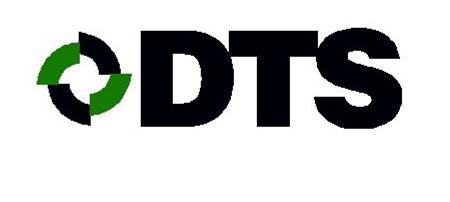 Trademark Logo DTS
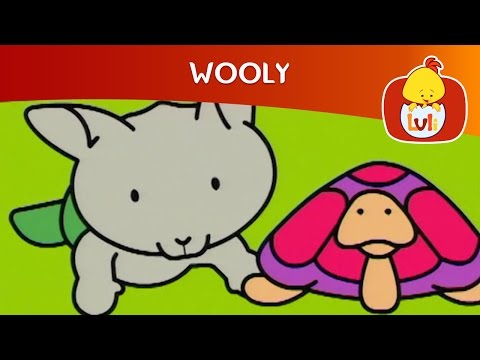 WOOLY - SAKİNLEŞMEK, LULI TV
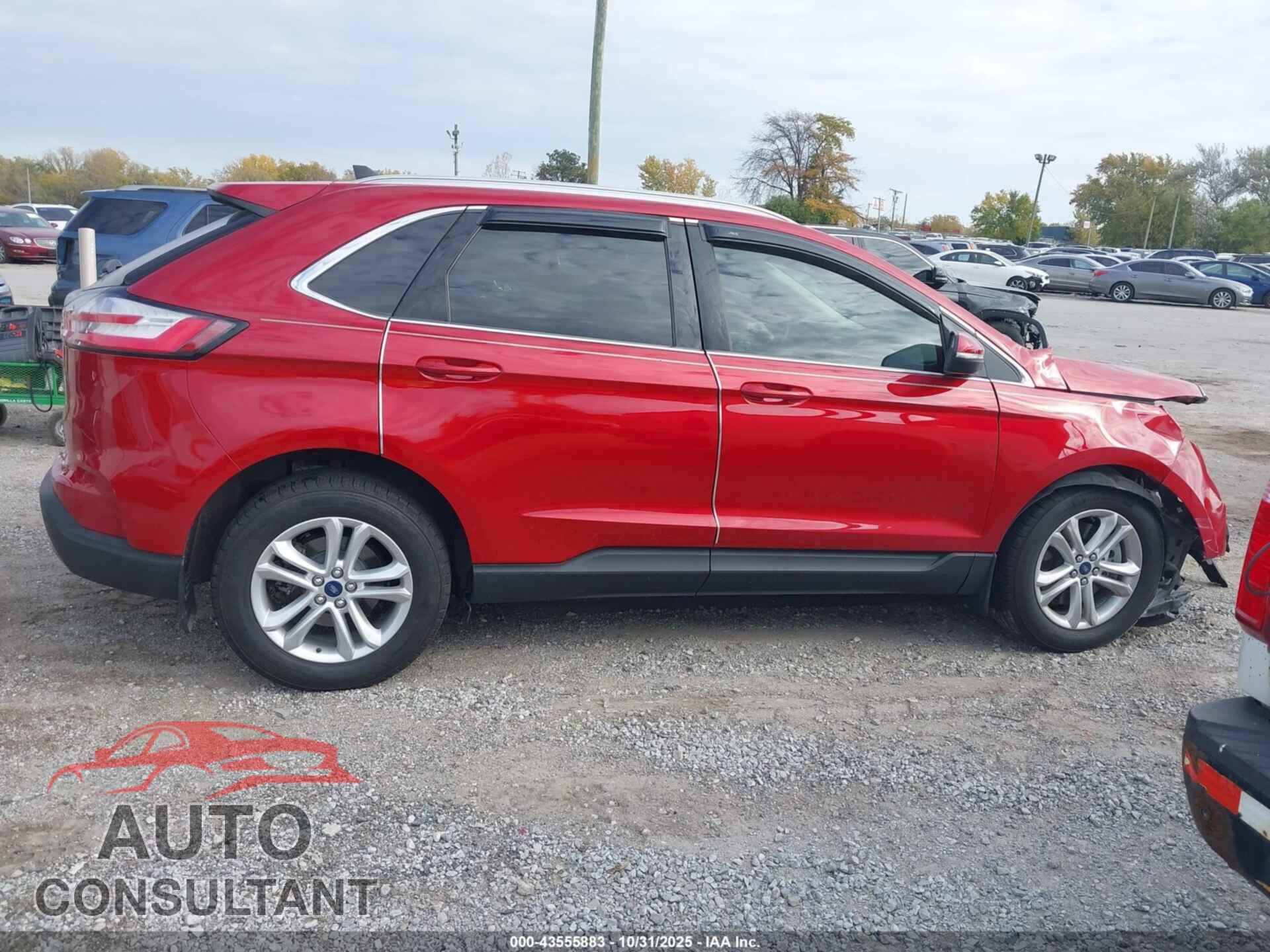 FORD EDGE 2020 - 2FMPK4J95LBB14104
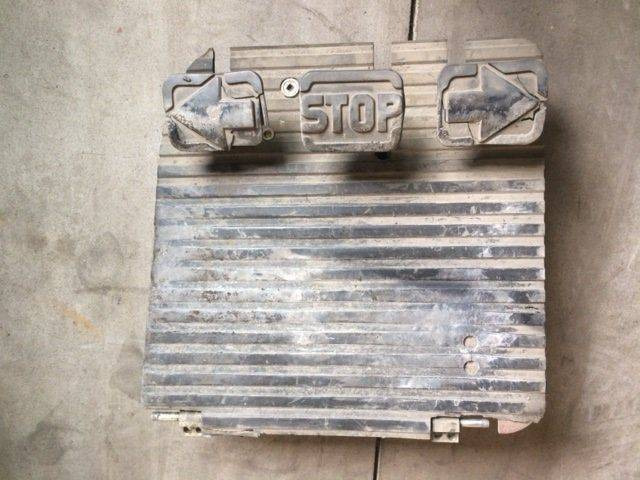 Plate floor assy for Linde R14, Series 376 - Педаль для Погрузочно-разгрузочной техники: фото 1 Plate floor assy for Linde R14, Series 376 - Педаль для Погрузочно-разгрузочной техники: фото 1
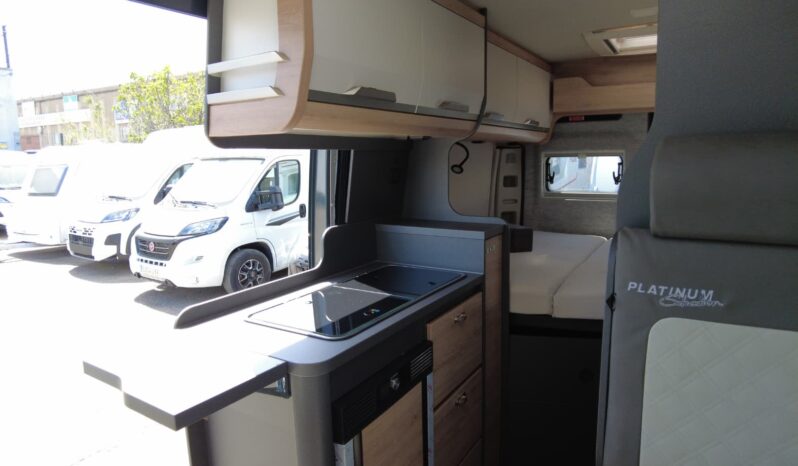 CAMPER KNAUS BOXLIFE 540 MQ 2026 lleno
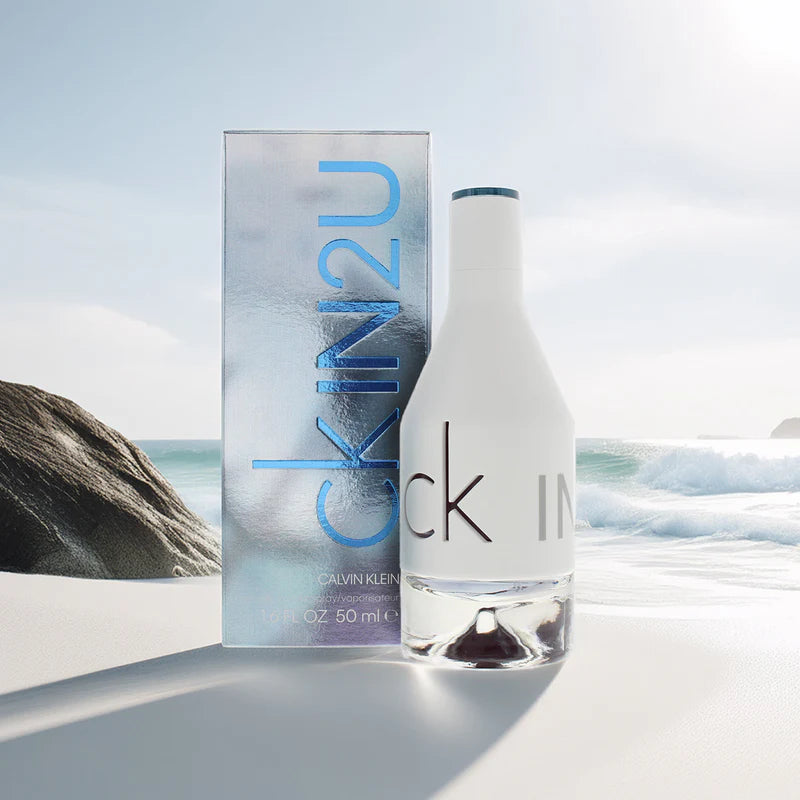 CK IN2U for Him – Calvin Klein 100ml Caballero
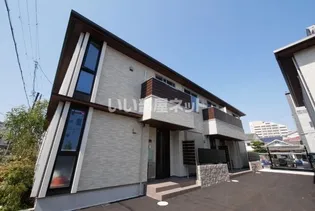 三国ヶ丘residenceC棟の外観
-- -- --
● **TASK GOAL**
To answer, repeat exactly the lines from the line containing "CK IN2U for" through the last line of the data above, leaving out all pictures.

● **WRITTEN REPLY**
 CK IN2U for Him – Calvin Klein 100ml Caballero
 三国ヶ丘residenceC棟の外観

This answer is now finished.